02-11-07

Cricket and I checked in on the Northern Waterthrush again this afternoon around 5:00. It was calling loudly at the far western arm of the marsh. The area is accessed off of Charleston Road (near Amphitheater) in Mountain View. We parked at MIPS, crossed the street and walked on the left-hand trail beginning at the trellis. A sharp left appear about half way to where we saw and heard the Waterthrush. There are several large radio dishes along this section of the creek as well as some large red brick buildings on the other side. The bird was repeatedly dodging back and forth from a small patch of mud to the nearby reeds. The call note is impressively loud and quite different from the more liquid calls of the surrounding Yellow-rumped Warblers.

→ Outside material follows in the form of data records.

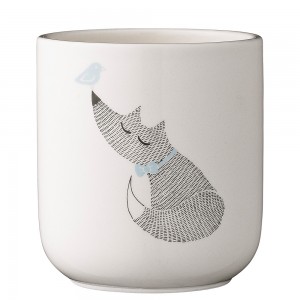 블루밍빌레 Mini Pot Fox, White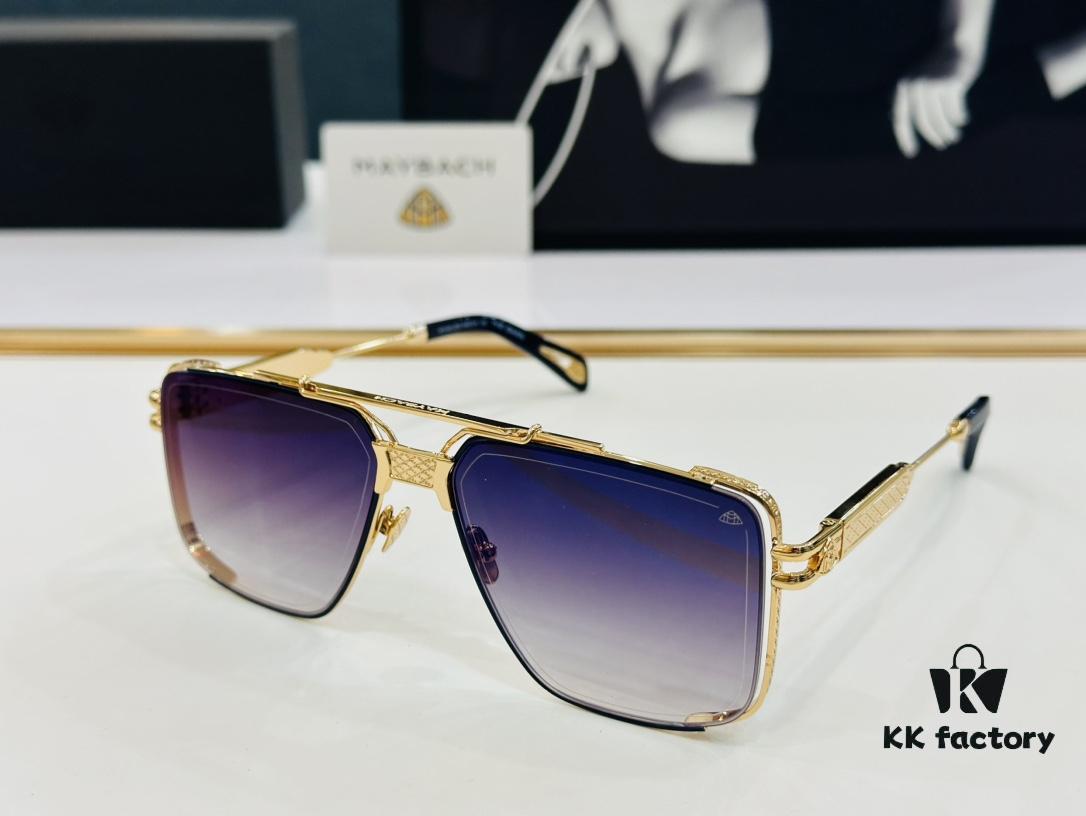 High-Quality MAYBACH Z58 Sunglasses, Exquisite Craftsmanship, Premium Feel, Size 60-14-143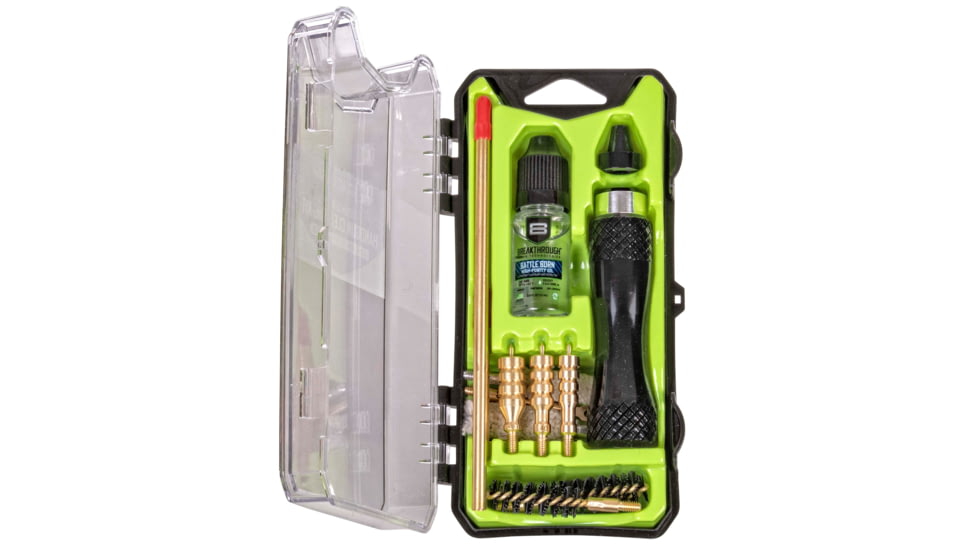 Breakthrough Clean Technologies Vision Series Hard-Case Handgun Cleaning Kit, .38 Cal/.40 Caliber/.45 Caliber, BT-CCC-P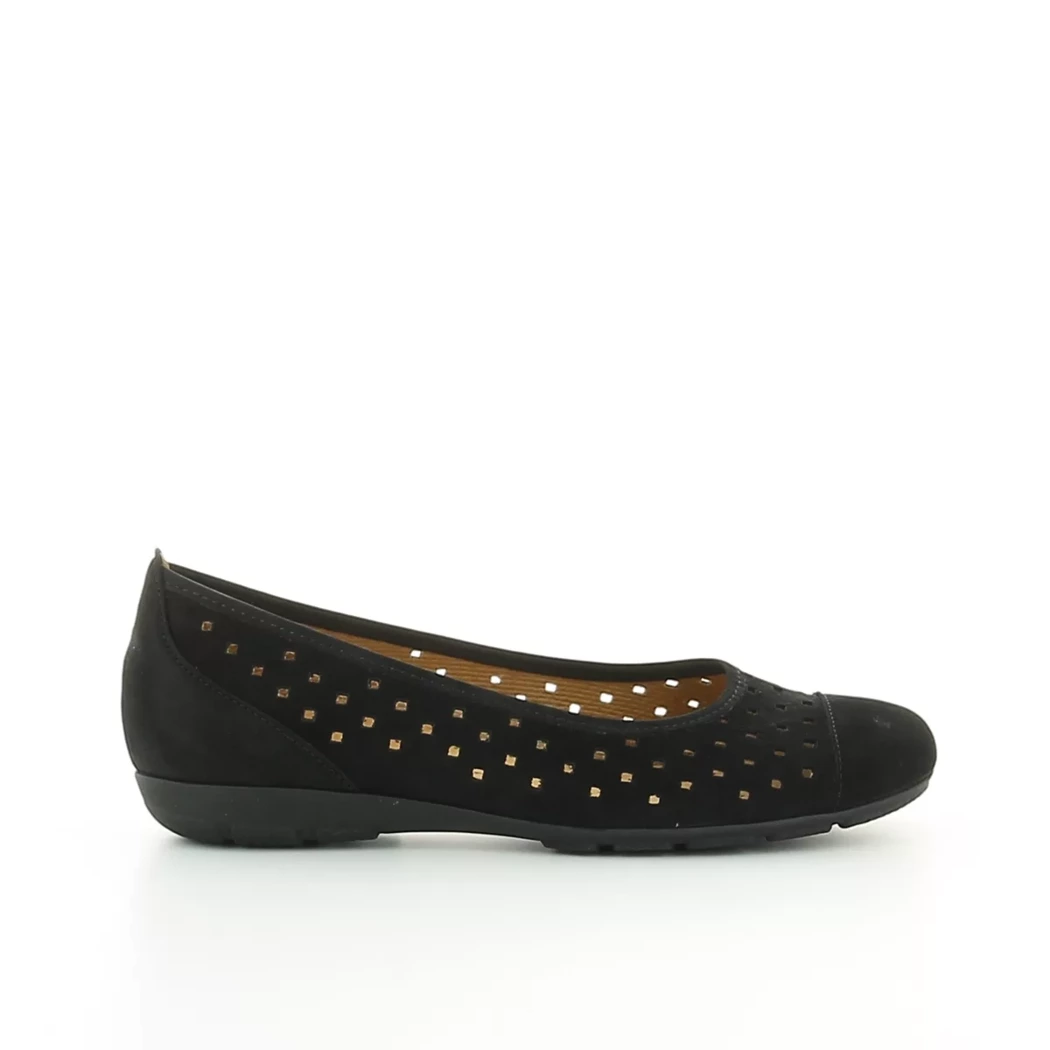 Image (2) de la chaussures Gabor - Ballerines Noir en Cuir nubuck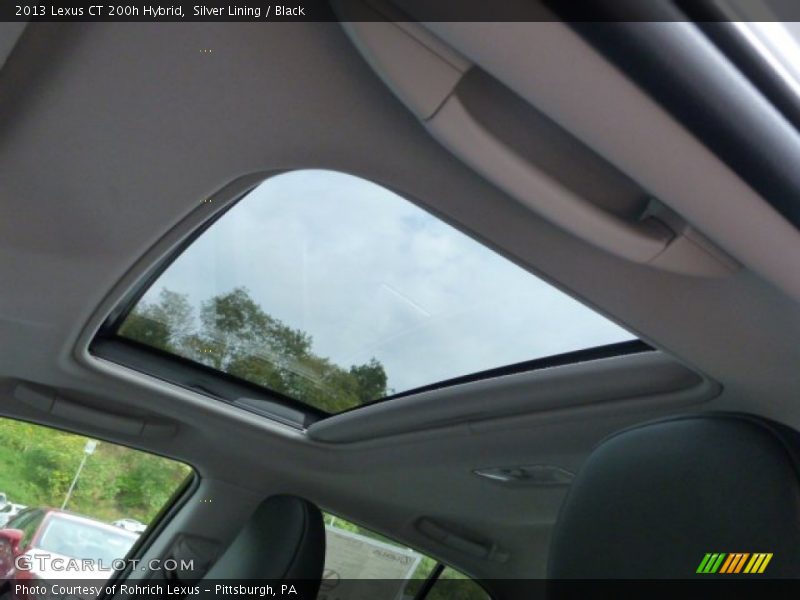 Silver Lining / Black 2013 Lexus CT 200h Hybrid
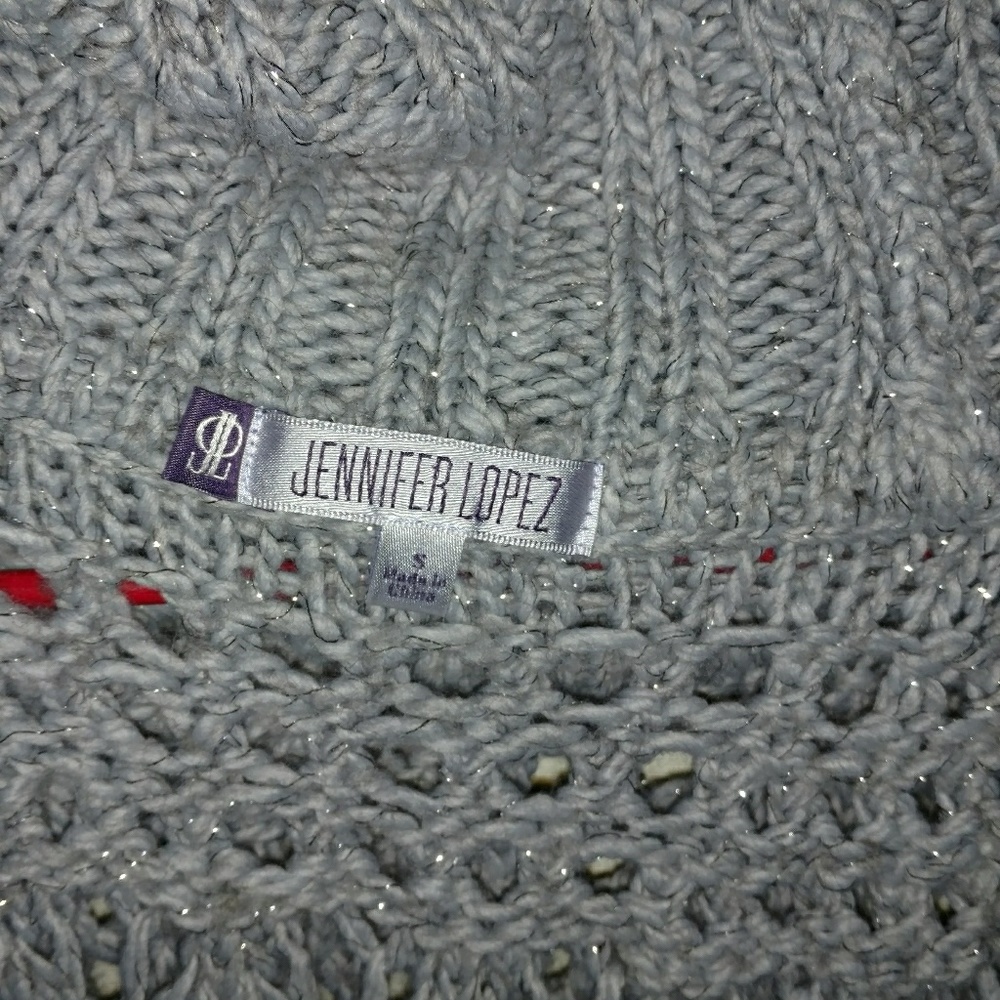Swoop neck, moc sleeveless sweater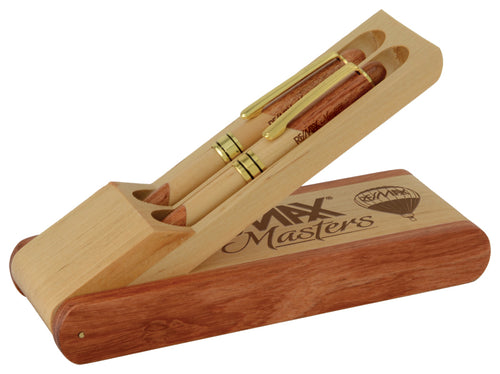 Rosewood & Maple Pen & Pencil in Box Set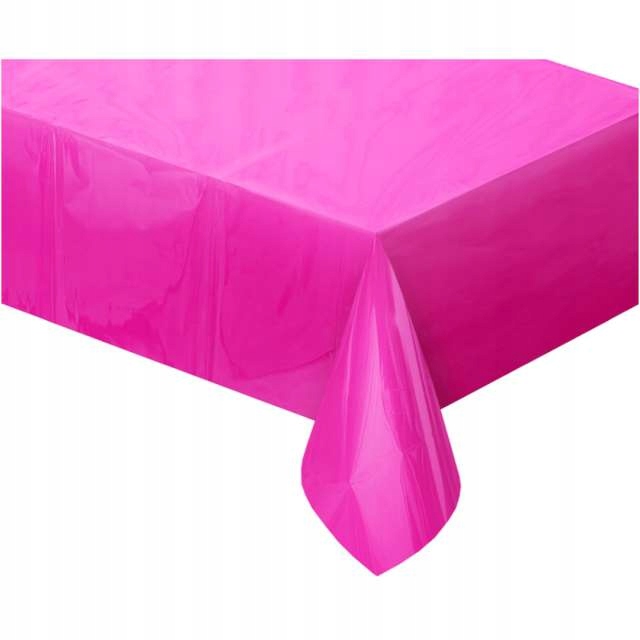 OBRUS foliowy urodziny MAGENTA METALIK dekoracja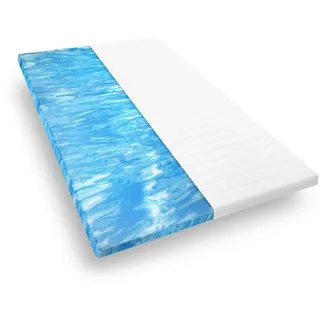 Mister Sandman Gel Topper 80x200, orthopädischer Topper aus Gelschaum für bequemes Liegen, weiche und atmungsaktive Matratzenauflage, Gelschaummatratze Öko-Tex geprüft, Höhe ca 5 cm, Mikrofaserbezug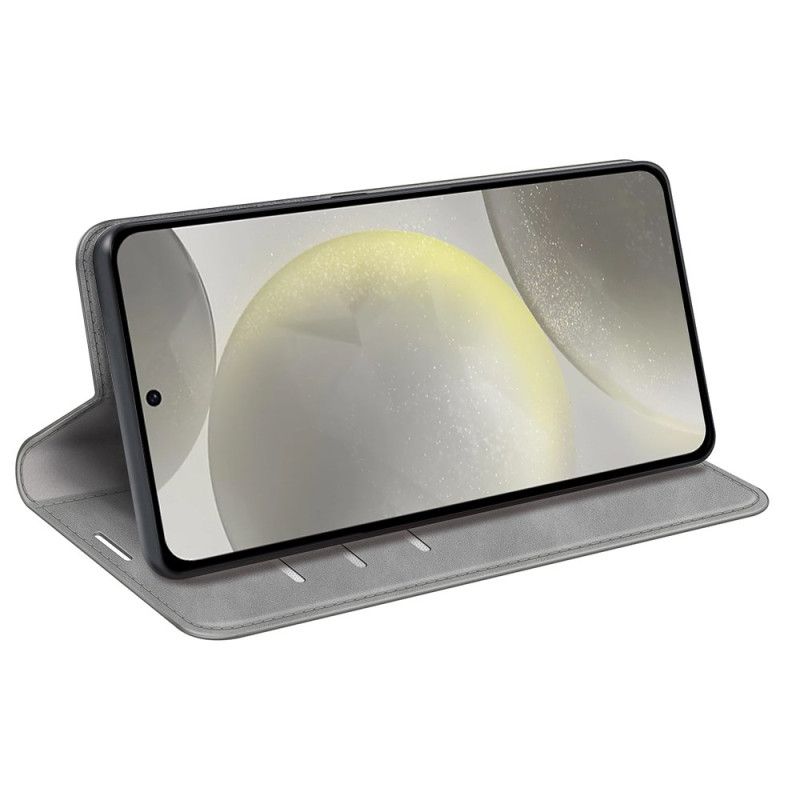 Kožené Pouzdro Folio Na Samsung Galaxy S24 Fe Klasika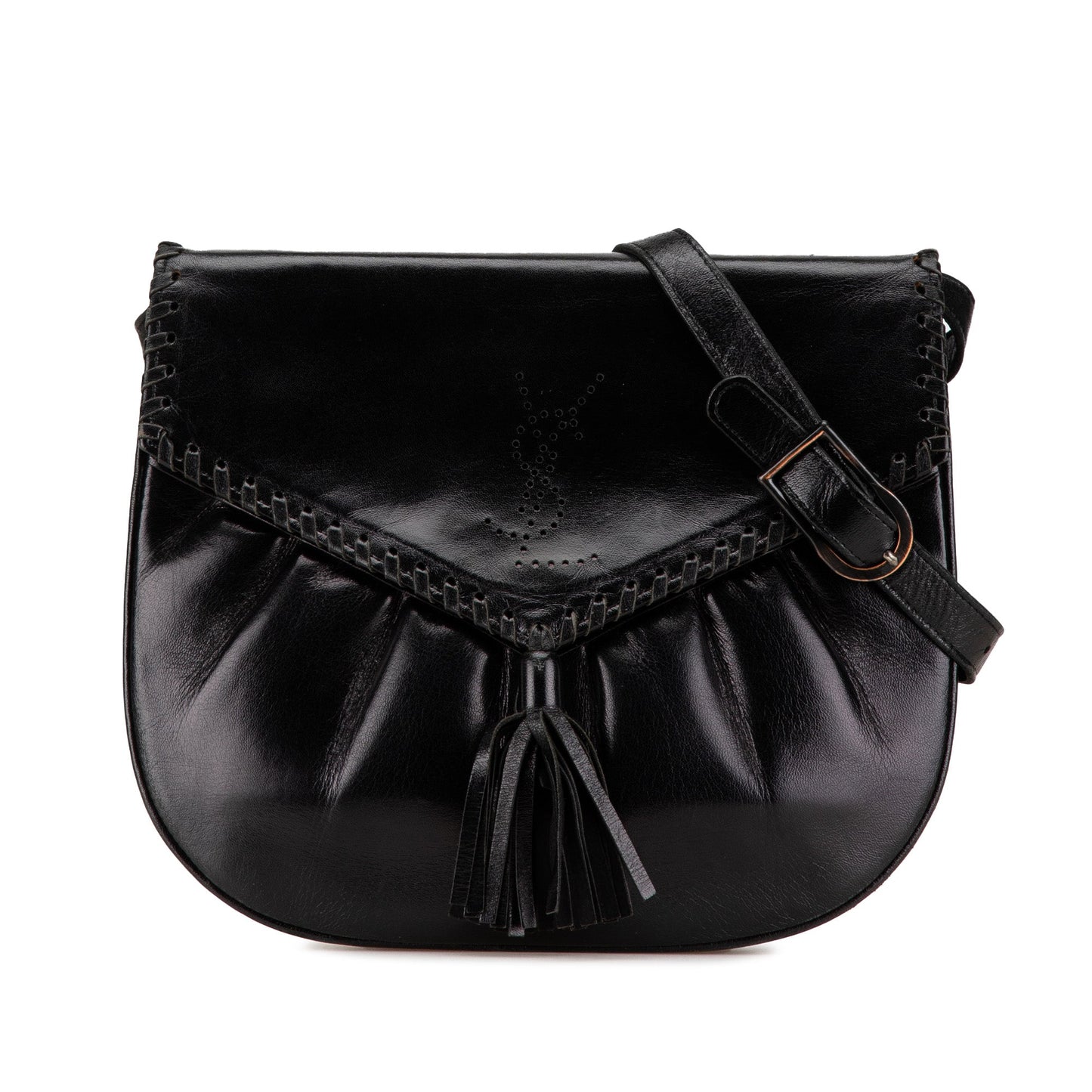 Yves Saint Laurent Leather Shoulder Bag Black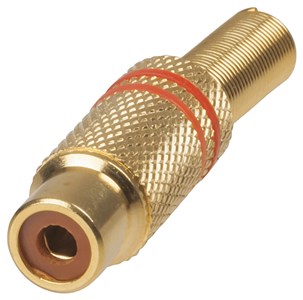 UNSPECIFIED MANUFACTURER GOLD LINE RCA SOCKET WITH SPRING FOR RELIABLE AUDIO/VIDEO
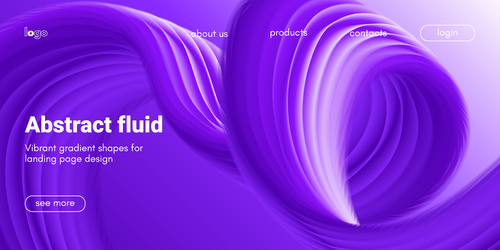Fluid dynamic colorful gradient shape with movement effect vector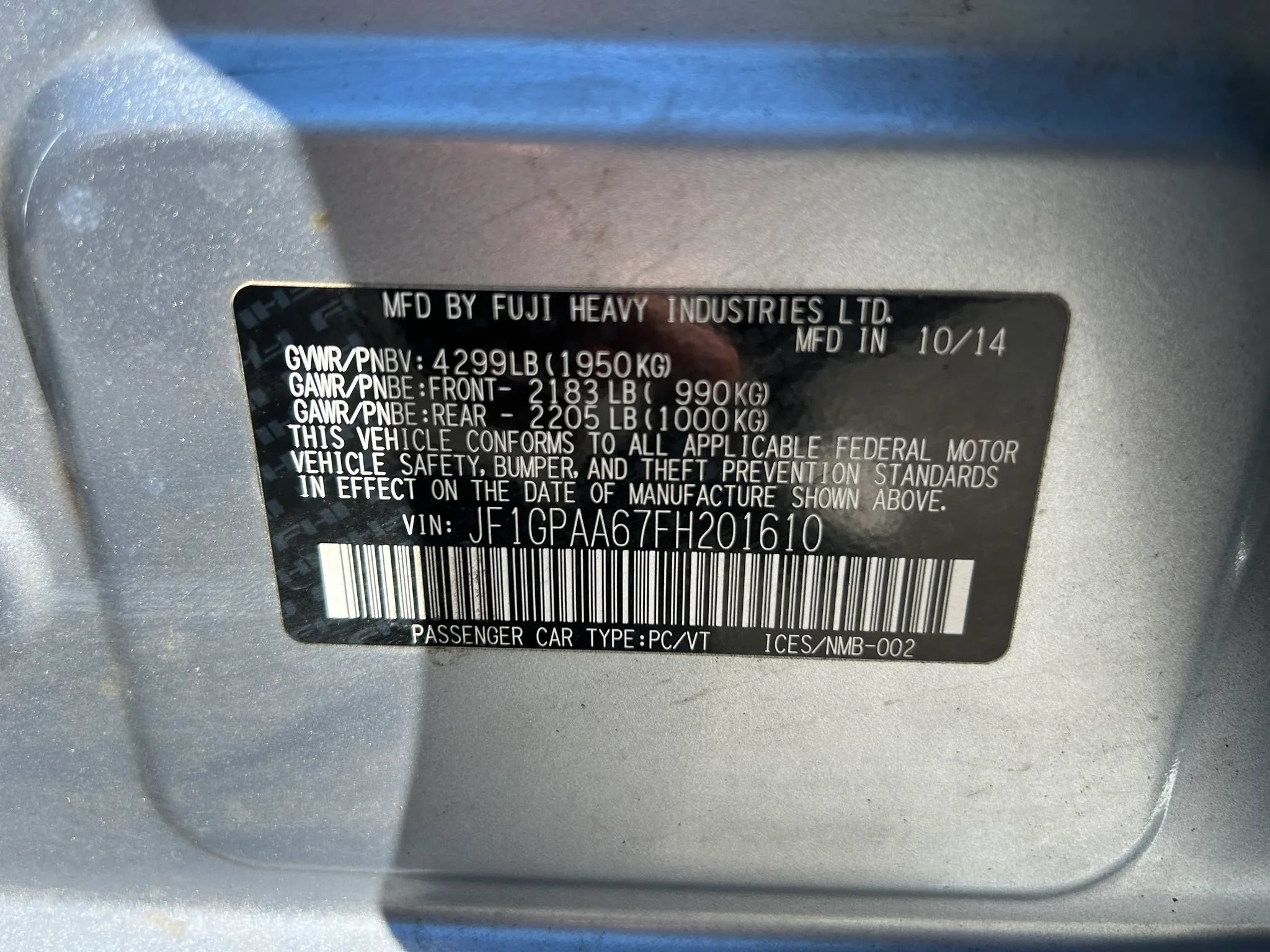 Used 2015 Subaru Impreza 2.0i AWD/4WD image 19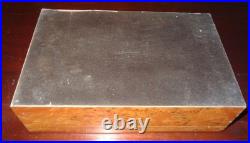 Rare Diamond Crown Cedar Wood Lined Humidor Box With Beautiful Cigar Inlay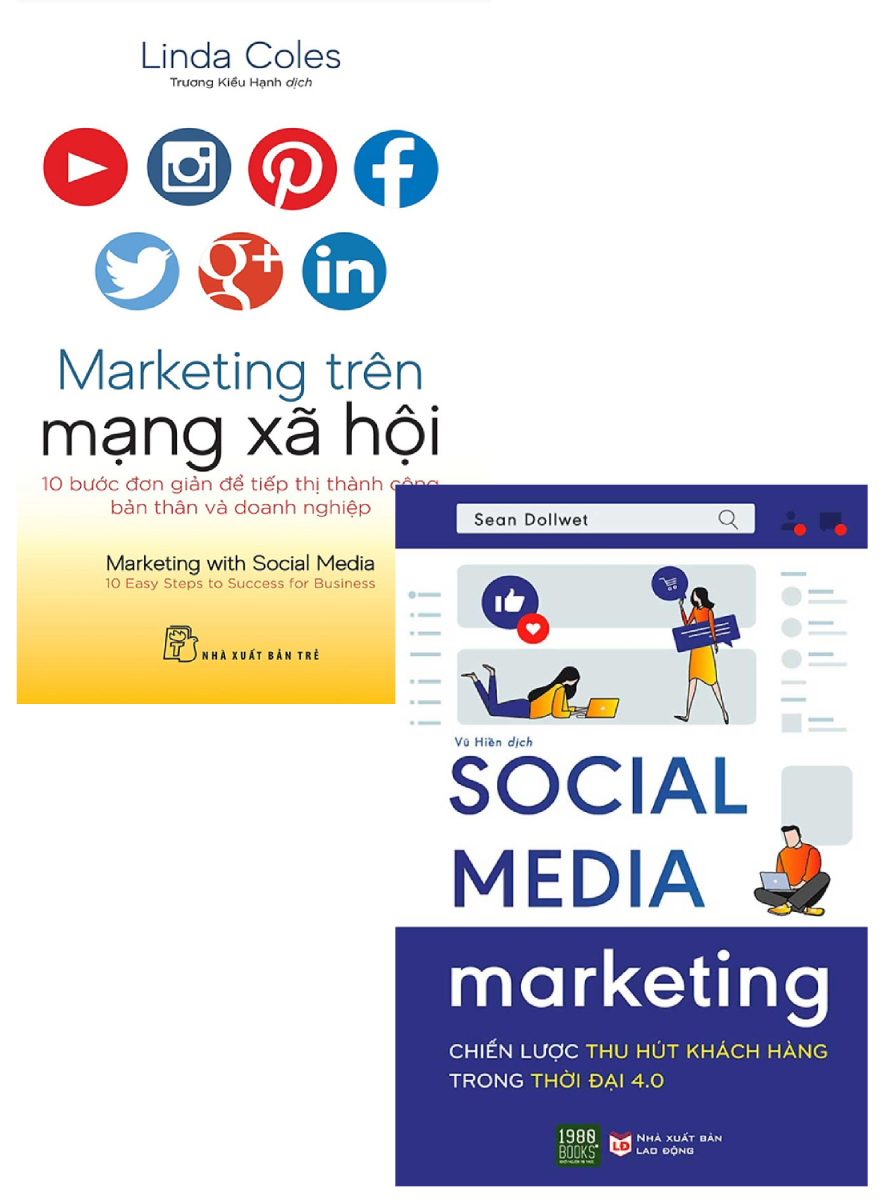 Combo Marketing Trên Mạng Xã Hội + Social Media Marketing - Chiến Lược Thu Hút Khách Hàng Trong Thời Đại 4.0 (Bộ 2 Cuốn)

It is conspicuously washed with yellow on the underside and continually bobbed its tail, much like a Spotted Sandpiper.






02-04-07

I stopped at Sunol Regional Wilderness late this morning to search for the Red-naped Sapsucker which appeared shortly after I arrived at the tree. The bird was, as previously reported, foraging in the upper branches of a huge tree near the picnic table. To reach this tree, walk across the footbridge and turn right. About 30 yards of so further there is a dirt trail leading uphill, and one leading down to the water. The tree where the bird was found at this junction and is marked with thousands of sapsucker holes, a few of which, close to the top, are quite new and that is where I saw the bird quietly feeding. Interestingly, I saw a Ruby-crowned Kinglet utilizing these holes too. Several Varied Thrushes were in the area, including two on the lawn back near the cars. An immature Golden Eagle appeared overhead, circling with Turkey Vultures.

After that, I looked for the Townsend's Solitaire, which I was albe to relocate between mp .3 and .4 along Geary Road. It perched and called from a large oak tree with patches of mistletoe across from the No Parking Anytime sign. At first, it appeared like a dull Western Bluebird, until I saw the tail, which is considerably longer and the flight even more fluttery.